RE: Python help with module function return dictionary - wavic - Oct-15-2016

Hello!

Instead of splitting and cutting I'd check if the row starts with '>', strip('>') the row, all that using it as the dict name, and value it with the data with a list comprehension.


RE: Python help with module function return dictionary - tebirkes - Oct-15-2016

(Oct-15-2016, 12:58 PM)Yoriz Wrote: On each iteration of your loop the dictionary over writes the same two keys. Would it be preferable to use a list instead or on each loop the key names will need changing to something unique to the dictionary each time.

If you want the two keys values to be a list, first asign each of them as a list outside of the loop then inside the loop append to the list of each key.

I've tried but it gives me an error or again only the last line. I'm supposed to create a function that  reads the file then create and return a dictionary. 
This is my output: 
{'Name': ['ZIPA_ECOLI'], 'Value': ['MMQDLRLILIIVGAIAIIALLVHGFWTSRKERSSMFRDRPLKRMKSKRDDDSYDEDVEDDEGVGEVRVHR', 'VNHAPANAQEHEAARPSPQHQYQPPYASAQPRQPVQQPPEAQVPPQ..... ']}


RE: Python help with module function return dictionary - ichabod801 - Oct-15-2016

What is the error you are getting (full text please), and what are the last few lines of the file?

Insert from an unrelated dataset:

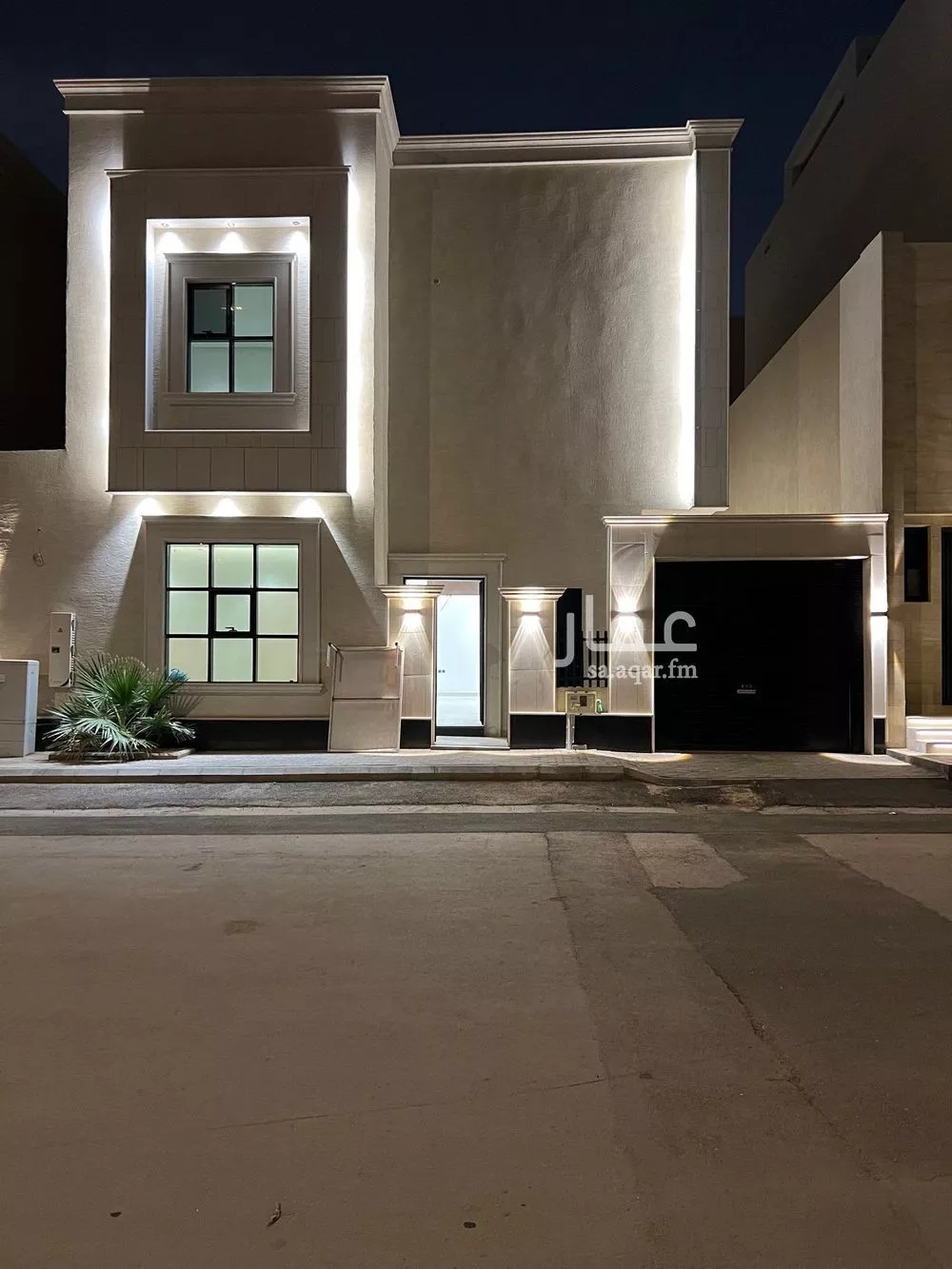 5 bedroom villa in Dhahrat Laban 1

RE: Python help with module function return dictionary - tebirkes - Oct-15-2016

(Oct-15-2016, 05:34 PM)ichabod801 Wrote: What is the error you are getting (full text please), and what are the last few lines of the file?

The last few lines of the file is : 


Output:
>ZIPA_ECOLI MMQDLRLILIIVGAIAIIALLVHGFWTSRKERSSMFRDRPLKRMKSKRDDDSYDEDVEDDEGVGEVRVHR VNHAPANAQEHEAARPSPQHQYQPPYASAQPRQPVQQPPEAQVPPQHAPHPAQPVQQPAYQPQPEQPLQQ PVSPQVAPAPQPVHSAPQPAQQAFQPAEPVAAPQPEPVAEPAPVMDKPKRKEAVIIMNVAAHHGSELNGE ALLNSIQQAGFIFGDMNIYHRHLSPDGSGPALFSLANMVKPGTFDPEMKDFTTPGVTIFMQVPSYGDELQ NFKLMLQSAQHIADEVGGVVLDDQRRMMTPQKLREYQDIIREVKDANA
The error that I get sometimes is : 

Error:
", line 8, in read_fasta     table_dict[list] = line.splitlines() TypeError: unhashable type: 'list'



RE: Python help with module function return dictionary - wavic - Oct-15-2016

Does this work? It's not I've proposed. It's step by step. If the file doesn't contain something else...

def get_data(f):
    data = f.read().split()
    ecoli = dict()
    e_name = None

    for row in data:
        if row.startswith(">"):
            e_name = row.strip(">")
            ecoli[e_name] = ""
        else:
            ecoli[e_name] = "{}{}".format(ecoli[e_name], row)

    return ecoli



RE: Python help with module function return dictionary - Larz60+ - Oct-15-2016

Hello again,

I would like to take a closer look at how this data is exactly laid out.
Is this from the ncbi blast database? and if so, which file.

I would rather be working with an actual file.

Larz60+